Наскоро накинув тулупы, иные отмыкают калитки и выбегают на улицу поглядеть: что случилось? Кое-где выходят на улицу оконца изб и домов, затянутые пузырем в жилищах победнее или слюдою у тех, кто богаче. Жадным, пытливым взором обладатели подобных оконцев приникают к этим отдушинам на свет Божий, теперь полузанесенным снегом, полуокованным льдом. И, напряженно вглядываясь в ночную тьму, стараются разгадать напуганные посадские: что значит этот кровавый, зловещий свет факелов, которые медленно движутся по дороге вместе с тенями какой-то многочисленной толпы конных и пеших людей? Почему ночью, в такое непогодное, позднее, необычное время, кто-то приближается к «городским», кремлевским воротам. Ведь в крепость, какою служит для Москвы Кремль, кроме великого князя, святителя-митрополита да семьи княжой, и не пустят ночью никого. Кто же эти ночные странники?
И, строя тысячи самых фантастических предположений, долго не может уснуть в той окрестности встревоженный посадский люд. И никто не решился, конечно, поближе подойти, поглядеть и разузнать: в чем дело? Слишком тревожное время переживает Русь. Каждый боится за себя и дрожит за свою шкуру.

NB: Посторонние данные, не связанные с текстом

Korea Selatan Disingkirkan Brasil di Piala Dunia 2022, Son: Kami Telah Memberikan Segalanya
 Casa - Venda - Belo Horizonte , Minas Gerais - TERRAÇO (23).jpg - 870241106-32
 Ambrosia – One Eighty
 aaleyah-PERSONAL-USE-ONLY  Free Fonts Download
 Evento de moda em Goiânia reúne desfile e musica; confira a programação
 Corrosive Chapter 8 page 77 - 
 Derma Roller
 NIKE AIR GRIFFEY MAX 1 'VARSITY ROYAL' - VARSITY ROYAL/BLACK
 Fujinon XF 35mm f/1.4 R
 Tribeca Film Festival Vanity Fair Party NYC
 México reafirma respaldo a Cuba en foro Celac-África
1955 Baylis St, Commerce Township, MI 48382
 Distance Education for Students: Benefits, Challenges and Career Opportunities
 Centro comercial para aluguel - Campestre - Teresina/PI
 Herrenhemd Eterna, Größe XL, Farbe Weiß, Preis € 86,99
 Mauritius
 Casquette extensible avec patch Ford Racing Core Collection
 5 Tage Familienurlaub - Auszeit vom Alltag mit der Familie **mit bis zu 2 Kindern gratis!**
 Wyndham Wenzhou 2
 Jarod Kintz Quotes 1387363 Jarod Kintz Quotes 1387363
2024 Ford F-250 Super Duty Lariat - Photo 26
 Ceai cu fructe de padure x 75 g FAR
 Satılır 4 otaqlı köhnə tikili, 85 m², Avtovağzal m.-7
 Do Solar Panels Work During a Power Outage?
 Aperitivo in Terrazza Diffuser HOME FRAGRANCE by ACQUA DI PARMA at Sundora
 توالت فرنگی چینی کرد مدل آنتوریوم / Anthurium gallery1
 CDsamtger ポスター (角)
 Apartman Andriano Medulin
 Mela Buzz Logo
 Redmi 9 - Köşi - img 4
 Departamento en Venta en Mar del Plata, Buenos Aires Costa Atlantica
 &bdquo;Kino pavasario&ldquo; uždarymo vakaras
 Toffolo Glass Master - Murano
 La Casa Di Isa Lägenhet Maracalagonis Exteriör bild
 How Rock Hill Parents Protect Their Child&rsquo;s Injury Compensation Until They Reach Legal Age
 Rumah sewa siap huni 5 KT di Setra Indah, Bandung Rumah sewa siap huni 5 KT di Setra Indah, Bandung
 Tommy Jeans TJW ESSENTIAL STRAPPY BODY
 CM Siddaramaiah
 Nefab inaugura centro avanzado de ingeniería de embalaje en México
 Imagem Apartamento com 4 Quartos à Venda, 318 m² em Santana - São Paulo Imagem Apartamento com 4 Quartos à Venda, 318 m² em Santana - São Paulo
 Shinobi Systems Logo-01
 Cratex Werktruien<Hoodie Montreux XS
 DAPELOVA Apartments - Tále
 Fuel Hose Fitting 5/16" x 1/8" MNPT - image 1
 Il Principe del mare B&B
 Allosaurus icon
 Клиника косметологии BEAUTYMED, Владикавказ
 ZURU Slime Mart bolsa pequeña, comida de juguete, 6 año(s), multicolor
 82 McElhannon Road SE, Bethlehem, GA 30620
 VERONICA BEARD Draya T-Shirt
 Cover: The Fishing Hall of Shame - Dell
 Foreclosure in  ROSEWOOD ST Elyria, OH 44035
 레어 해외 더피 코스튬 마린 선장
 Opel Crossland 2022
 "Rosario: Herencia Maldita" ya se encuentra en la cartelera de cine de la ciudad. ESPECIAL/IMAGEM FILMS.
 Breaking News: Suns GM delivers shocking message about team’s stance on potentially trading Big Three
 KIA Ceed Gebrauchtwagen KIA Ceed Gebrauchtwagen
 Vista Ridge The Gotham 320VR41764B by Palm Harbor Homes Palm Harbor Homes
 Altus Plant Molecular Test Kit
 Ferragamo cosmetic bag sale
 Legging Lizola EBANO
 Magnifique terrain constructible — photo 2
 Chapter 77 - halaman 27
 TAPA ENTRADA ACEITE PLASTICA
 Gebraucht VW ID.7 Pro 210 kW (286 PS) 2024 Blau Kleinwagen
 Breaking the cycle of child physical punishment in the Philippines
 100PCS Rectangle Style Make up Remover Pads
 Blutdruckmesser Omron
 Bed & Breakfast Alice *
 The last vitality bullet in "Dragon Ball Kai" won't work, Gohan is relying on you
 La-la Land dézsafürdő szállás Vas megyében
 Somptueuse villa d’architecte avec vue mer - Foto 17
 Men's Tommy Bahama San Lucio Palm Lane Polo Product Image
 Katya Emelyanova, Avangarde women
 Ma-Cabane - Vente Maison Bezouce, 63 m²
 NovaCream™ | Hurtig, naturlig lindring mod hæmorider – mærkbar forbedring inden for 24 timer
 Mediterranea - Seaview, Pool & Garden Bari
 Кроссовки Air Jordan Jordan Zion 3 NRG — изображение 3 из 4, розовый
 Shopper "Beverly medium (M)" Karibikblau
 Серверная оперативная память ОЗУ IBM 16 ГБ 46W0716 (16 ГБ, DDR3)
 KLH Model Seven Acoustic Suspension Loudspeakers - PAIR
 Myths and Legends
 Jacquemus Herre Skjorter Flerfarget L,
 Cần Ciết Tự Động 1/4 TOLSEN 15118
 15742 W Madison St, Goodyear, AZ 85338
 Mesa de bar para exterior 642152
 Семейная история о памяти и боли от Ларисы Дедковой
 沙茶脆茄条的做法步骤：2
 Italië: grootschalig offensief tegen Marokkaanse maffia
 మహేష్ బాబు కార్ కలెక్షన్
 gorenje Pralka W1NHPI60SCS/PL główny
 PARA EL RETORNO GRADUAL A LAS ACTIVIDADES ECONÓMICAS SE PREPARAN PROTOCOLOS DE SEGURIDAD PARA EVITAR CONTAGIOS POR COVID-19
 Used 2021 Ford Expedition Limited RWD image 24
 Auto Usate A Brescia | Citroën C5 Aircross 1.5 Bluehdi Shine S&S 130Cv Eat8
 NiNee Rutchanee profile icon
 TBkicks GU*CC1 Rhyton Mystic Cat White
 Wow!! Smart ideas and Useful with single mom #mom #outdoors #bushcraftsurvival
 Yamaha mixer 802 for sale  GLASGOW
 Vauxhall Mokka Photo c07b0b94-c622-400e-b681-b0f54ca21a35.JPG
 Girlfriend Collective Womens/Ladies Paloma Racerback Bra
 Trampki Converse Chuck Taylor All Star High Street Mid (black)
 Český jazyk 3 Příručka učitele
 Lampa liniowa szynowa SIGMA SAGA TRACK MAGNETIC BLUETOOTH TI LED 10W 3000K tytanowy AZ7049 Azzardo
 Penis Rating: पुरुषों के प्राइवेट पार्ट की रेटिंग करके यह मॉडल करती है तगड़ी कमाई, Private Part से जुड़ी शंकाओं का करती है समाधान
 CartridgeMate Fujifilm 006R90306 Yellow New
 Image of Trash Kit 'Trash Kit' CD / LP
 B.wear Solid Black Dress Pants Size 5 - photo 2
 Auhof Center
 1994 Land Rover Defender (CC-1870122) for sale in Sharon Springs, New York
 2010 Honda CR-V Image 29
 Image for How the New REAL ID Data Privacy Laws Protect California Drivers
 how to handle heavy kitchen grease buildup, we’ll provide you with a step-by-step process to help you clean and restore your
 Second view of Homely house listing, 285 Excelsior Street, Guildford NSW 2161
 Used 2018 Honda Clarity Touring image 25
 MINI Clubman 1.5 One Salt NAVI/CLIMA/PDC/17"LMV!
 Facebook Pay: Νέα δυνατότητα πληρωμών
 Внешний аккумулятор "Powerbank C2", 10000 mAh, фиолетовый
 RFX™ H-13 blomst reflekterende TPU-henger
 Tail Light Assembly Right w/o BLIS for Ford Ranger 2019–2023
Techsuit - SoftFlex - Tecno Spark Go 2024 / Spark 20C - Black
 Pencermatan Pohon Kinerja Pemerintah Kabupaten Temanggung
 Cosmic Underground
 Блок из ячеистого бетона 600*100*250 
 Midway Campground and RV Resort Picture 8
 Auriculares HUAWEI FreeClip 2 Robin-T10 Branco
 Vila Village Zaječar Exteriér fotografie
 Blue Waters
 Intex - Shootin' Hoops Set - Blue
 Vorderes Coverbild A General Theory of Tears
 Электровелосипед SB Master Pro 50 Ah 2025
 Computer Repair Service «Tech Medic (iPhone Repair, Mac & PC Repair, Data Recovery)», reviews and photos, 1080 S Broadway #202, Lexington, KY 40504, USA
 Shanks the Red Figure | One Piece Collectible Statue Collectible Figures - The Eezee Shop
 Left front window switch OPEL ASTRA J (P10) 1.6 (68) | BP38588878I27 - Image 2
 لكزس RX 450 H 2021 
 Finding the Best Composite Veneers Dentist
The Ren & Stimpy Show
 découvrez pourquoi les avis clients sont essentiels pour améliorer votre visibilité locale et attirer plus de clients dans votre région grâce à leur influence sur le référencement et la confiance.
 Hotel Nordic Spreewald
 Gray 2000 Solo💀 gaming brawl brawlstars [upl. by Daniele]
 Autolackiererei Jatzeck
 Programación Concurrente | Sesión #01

У самых ворот Боровицких, где широкое место вдоль стены и дальше было совсем не заселено, пустовало на случай вражеского нападения, – здесь тоже виднеются багровые языки дымных, ветром колеблемых факелов.
Великая княгиня там с сыном, с митрополитом, с ближними своими ждет больного государя.
У княгини глаза распухли от слез, но она крепится, опираясь на руку преданной Аграфены Челядниной, приближенной своей наперсницы и мамки ее первенца, княжича Ивана.
Самого княжича, укутанного в теплую женскую шубейку, спящего, несмотря на мороз, держит на руках мощный красавец, брат Аграфенин, князь Иван Овчина роду Телепневых-Оболенских. Тут же и Шигоня, и Михаил Глинский, дядя государыни, и Головины: Иван да Димитрий Владимировичи, казначеи большой казны государевой, и многие другие.
Тихо, печально стоят ждут, пока приблизятся к ним подходящие к стенам городским огни и люди княжеского поезда.
Вот круг света от факелов, которые несут за больным, яркий этот круг слился на грани своей с кругом света, порождаемого факелами, которые держат в руках провожатые Елены. В сторону тихо отъезжают словно подплывающие в полутьме всадники, едущие впереди носилок; вот и самые носилки забелели на свету. А на них темнеет вытянутое, мощное тело великого князя.